INSTRUCTIONS FOR THE TASK
Only the lines from the beginning of the data below through the line that contains "Kadife Örgü İpi" should be repeated, exactly as written.

Data items:
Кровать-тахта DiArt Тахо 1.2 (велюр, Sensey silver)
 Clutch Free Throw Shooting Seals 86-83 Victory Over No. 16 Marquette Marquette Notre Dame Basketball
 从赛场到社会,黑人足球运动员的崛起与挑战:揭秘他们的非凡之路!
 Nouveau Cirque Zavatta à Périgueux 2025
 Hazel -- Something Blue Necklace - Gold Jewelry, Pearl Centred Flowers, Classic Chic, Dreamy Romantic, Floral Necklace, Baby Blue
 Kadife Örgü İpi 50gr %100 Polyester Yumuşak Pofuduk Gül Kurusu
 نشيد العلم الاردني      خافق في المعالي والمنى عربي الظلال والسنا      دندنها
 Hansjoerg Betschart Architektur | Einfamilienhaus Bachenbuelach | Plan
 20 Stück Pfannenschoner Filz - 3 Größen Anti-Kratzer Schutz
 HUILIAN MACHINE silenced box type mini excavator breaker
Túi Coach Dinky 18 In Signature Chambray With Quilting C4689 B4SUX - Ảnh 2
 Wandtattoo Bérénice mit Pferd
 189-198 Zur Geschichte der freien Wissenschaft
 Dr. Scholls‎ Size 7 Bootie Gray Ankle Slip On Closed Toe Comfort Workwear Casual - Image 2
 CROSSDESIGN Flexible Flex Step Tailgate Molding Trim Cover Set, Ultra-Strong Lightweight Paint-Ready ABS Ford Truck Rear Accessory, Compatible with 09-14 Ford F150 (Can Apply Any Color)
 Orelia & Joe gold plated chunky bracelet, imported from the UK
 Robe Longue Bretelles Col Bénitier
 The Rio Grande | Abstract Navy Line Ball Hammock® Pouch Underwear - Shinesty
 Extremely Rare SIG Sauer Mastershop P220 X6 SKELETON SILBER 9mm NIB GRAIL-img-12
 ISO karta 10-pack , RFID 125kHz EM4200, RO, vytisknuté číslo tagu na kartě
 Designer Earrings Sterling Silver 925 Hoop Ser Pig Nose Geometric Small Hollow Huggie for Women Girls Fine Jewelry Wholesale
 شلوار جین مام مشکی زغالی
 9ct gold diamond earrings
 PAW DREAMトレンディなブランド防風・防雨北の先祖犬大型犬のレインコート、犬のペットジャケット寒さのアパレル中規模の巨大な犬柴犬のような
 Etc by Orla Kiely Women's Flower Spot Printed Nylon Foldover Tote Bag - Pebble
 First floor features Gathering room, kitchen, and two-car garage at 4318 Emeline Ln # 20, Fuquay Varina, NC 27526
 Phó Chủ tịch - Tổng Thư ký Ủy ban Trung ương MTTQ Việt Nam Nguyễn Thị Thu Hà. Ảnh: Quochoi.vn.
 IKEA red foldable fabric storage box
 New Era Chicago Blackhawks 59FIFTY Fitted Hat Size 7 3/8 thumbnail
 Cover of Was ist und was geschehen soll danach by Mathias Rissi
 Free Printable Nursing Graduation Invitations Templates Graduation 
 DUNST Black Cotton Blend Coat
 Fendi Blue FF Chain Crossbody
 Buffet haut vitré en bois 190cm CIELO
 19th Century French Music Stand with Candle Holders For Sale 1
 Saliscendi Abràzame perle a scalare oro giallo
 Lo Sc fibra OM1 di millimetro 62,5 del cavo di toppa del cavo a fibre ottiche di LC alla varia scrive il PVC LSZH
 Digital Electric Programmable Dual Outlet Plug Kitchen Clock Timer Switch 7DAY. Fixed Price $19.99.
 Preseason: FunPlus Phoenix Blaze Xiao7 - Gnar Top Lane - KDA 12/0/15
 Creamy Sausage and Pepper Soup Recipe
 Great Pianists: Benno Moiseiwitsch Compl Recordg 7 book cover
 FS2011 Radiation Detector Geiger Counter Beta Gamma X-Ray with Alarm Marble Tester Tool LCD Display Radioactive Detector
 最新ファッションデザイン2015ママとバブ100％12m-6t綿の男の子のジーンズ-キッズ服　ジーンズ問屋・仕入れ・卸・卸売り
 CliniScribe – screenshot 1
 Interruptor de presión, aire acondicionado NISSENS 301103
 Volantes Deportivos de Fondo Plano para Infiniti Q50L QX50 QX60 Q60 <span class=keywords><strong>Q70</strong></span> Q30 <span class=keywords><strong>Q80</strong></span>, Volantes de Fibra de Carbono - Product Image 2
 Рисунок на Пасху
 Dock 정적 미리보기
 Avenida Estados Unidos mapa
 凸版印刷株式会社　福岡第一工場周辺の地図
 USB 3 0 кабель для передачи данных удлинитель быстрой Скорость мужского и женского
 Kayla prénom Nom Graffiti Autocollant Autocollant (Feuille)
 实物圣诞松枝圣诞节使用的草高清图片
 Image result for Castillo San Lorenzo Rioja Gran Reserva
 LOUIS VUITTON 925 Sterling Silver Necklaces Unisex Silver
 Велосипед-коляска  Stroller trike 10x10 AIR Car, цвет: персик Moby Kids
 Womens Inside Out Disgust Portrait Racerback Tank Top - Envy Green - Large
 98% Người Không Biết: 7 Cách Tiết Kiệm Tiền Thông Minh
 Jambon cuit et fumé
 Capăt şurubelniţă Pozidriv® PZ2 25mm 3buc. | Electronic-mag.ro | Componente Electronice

EXERCISE RESULT
Кровать-тахта DiArt Тахо 1.2 (велюр, Sensey silver)
 Clutch Free Throw Shooting Seals 86-83 Victory Over No. 16 Marquette Marquette Notre Dame Basketball
 从赛场到社会,黑人足球运动员的崛起与挑战:揭秘他们的非凡之路!
 Nouveau Cirque Zavatta à Périgueux 2025
 Hazel -- Something Blue Necklace - Gold Jewelry, Pearl Centred Flowers, Classic Chic, Dreamy Romantic, Floral Necklace, Baby Blue
 Kadife Örgü İpi 50gr %100 Polyester Yumuşak Pofuduk Gül Kurusu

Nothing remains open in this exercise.